Glory be and hallelujah.
The AFL is preparing to crack down on one of the serious blights on the game – runners.
Runners were never a justifiable feature of Australian football, just a silly anachronism. Now that the players spend so much time on the bench, their existence is even harder to defend.
They are unnecessary, unsightly and – too often – used unfairly. They fill holes, barrack, needle, get in the way and wear silly clothes.
Their proper job – delivering message from coaches to players – is even more insidious. If you were to identify any of the myriad problems with football, the under-coaching of players would not be one of them.
Standby for an outcry from the coaches. AFL chief Andrew Demetriou has long been suspected of being a runner-sceptic. More strength to his arm if he wants to take on the collective might of the coaches. Do not listen to them, Andrew.
If the coaches had their way, there would be 10 on the interchange bench and a whole squad of runners. Perhaps the team psychologist could pop out for a chat with Jack Riewoldt when he starts losing it? How about the nutritionist, or even player agents, or parents?

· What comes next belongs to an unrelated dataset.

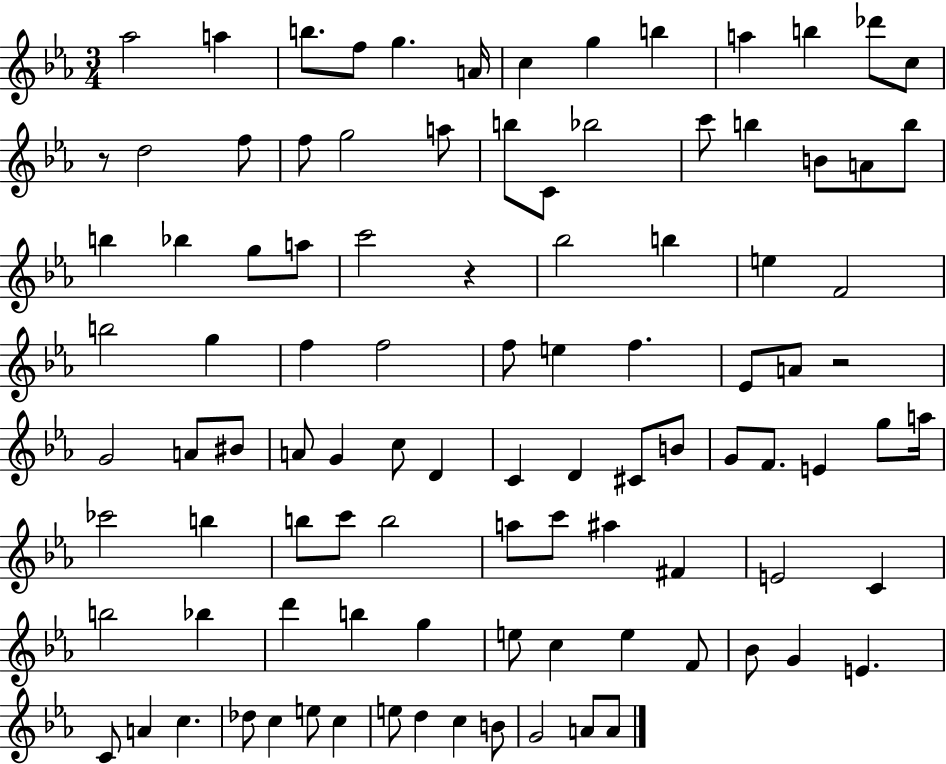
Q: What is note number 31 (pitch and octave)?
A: C6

Mick Malthouse told us that the sky would fall in when the number on the interchange bench was reduced from four to three and a substitute. It did not. In fact, the game was marginally improved because good players spend more time on the field instead of running on and off four-at-a-time to some plan pre-arranged with the fitness staff.
This column would love to see the interchange bench brought back to two (with, say, two substitutes in case of injury). That would mean more time on the ground for the players that we love to watch.

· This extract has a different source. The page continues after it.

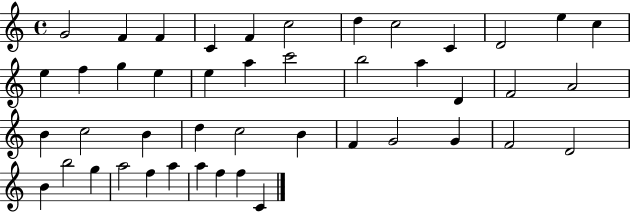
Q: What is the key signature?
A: C major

Take away the runners, and the players might even have to think for themselves. We want footballers, not automatons.
No serious sport allows non-participants to run around willy-nilly on the field of play during play. Can you imagine it in tennis, or boxing, or swimming?
Cricket is becoming a mockery because of the massive number of non-players who invade the field at every possible interval. On Saturday, Peter Siddle was treated for an injury. The delay was bad enough, but the batsmen were not ready to face up even after his finger was taped because they were being attended to by so many fluoro-clad hand maidens.
But at least the cricket intruders are not on the ground during play.
AFL coaches have ample time to communicate with their charges, not least the three official breaks in play and when they are ‘rotating’ on the bench.
While he is at it, Demetriou should also ban the water boys. There is plenty of time for rehydration, either during official breaks or while ‘rotating’ on the pine.
Now there’s a novel idea: leave the playing field for the players and umpires. There are enough of them.